Lawmakers are moving quickly to place the amendment on the November ballot, which would likely boost turnout from both sides of the abortion debate. The announcement of the amendment came a day after a California primary election that produced abysmal turnout.
Four conservative states — Alabama, Louisiana, Tennessee and West Virginia — have amended their constitutions to declare abortion is not a protected right. Meanwhile, over a dozen states have at least some abortion protections codified in law, including California, where lawmakers want to extend rights even further into pregnancy and add contraceptives as well.
Voters in Vermont will consider an amendment in November that would protect “personal reproductive autonomy,” but it does not include the word “abortion” and allows for an exception “justified by a compelling State interest achieved by the least restrictive means.”
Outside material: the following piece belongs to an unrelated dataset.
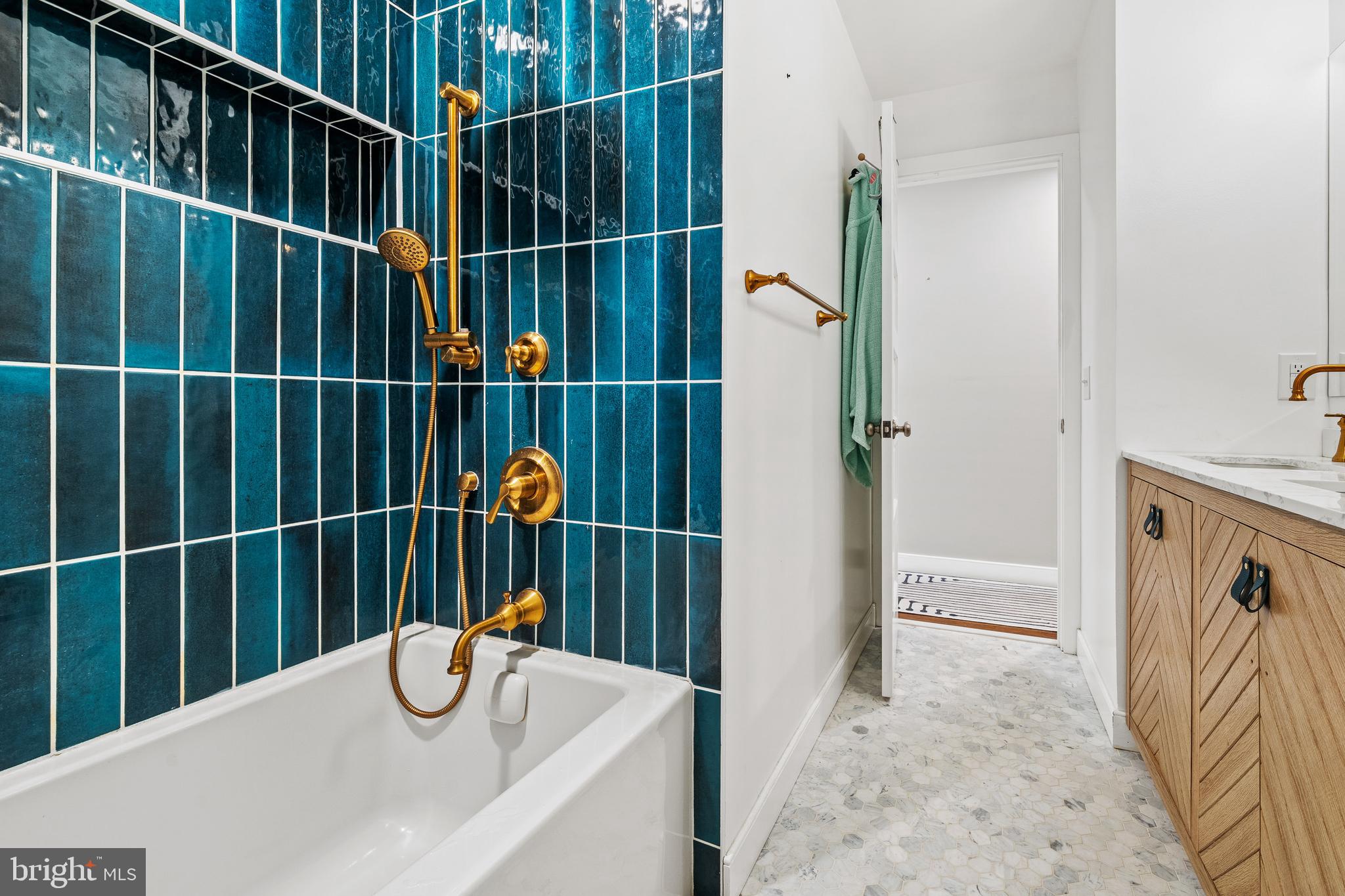 STRATFORD LANDING - Residential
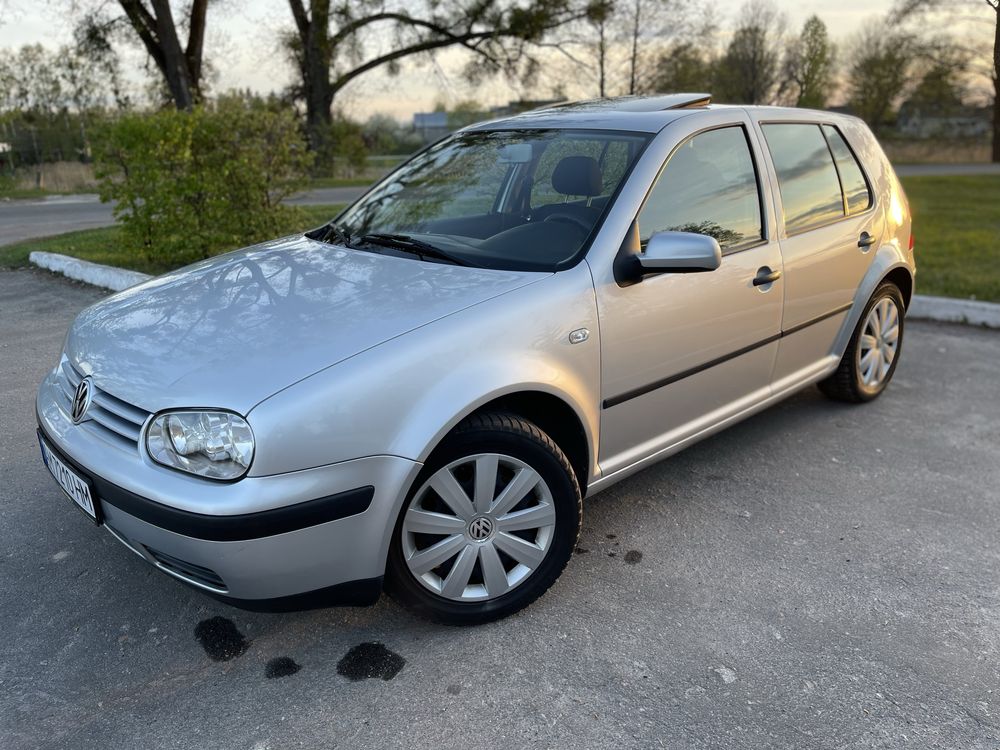 VW GOLF 2000 1.4 MPI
California’s proposal goes a step beyond with the language on contraceptives. Some believe that if the high court overturns federal abortion protections, conservative groups will push for a ban on contraceptives.
“Too many times, history has shown us that human rights must be enshrined in the constitution so that no one can infringe upon them,” said Sen. Toni Atkins, a Democrat and president pro tempore of the California Senate. “This is one such historic moment, and it must be met with a historic response.”
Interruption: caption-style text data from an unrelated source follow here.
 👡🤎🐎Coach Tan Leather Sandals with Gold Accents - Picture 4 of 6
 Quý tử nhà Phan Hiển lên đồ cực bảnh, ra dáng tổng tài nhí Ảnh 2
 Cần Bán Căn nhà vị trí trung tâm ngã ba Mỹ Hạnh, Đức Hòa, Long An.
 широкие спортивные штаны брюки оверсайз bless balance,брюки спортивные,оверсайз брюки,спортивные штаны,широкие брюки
California’s Supreme Court ruled in 1969 that the state constitution protects abortion, but the new proposal from Democrats would actually add an amendment to specifically list the procedure as a right.
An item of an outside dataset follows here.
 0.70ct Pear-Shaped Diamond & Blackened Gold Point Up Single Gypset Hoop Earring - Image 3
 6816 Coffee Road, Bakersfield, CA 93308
In 1972, California voters added a right to privacy to the constitution. One year later, the U.S. Supreme Court ruled in Roe v. Wade that the U.S. Constitution’s implied right to privacy protects a woman’s right to choose an abortion.
Jonathan Keller, president of the California Family Council that opposes abortion, said the proposed amendment would be “redundant” because of the California court’s previous rulings.
“I think it just shows how this is a fixation for the Democrats in Sacramento that crowds out a lot of focus on other issues that are really concerning,” he said.
The U.S. Supreme Court is considering a case from Mississippi over that state’s ban on most abortions after 15 weeks of pregnancy. California’s Democratic leaders and abortion rights activists were alarmed last month by the leak of a draft court opinion that declared abortion has no “sound basis in precedent.” That opinion could change when the court issues a final ruling later this month.
“Recent events have shown us that we must take every measure imaginable to ensure the right to abortion remains possible in California,” said Jodi Hicks, president and CEO of Planned Parenthood Affiliates of California. “No judge, or politician, should be able to rob people of their power to control their own bodies, their own lives, their own futures.”
The constitutional amendment is among 13 proposed laws California Democrats have put forward this year designed to make California a sanctuary for pregnant people who live in states where abortion could soon be outlawed or severely restricted if the high court strikes down Roe. All the proposals have passed at least one legislative chamber, putting them on track to be signed into law later this year.
The amendment requires two-thirds approval in the Senate and Assembly, a threshold that should be easy for Democrats to meet because they control both by wide margins. Lawmakers have to act quickly, however, because the deadline to put the issue on the fall ballot is June 30.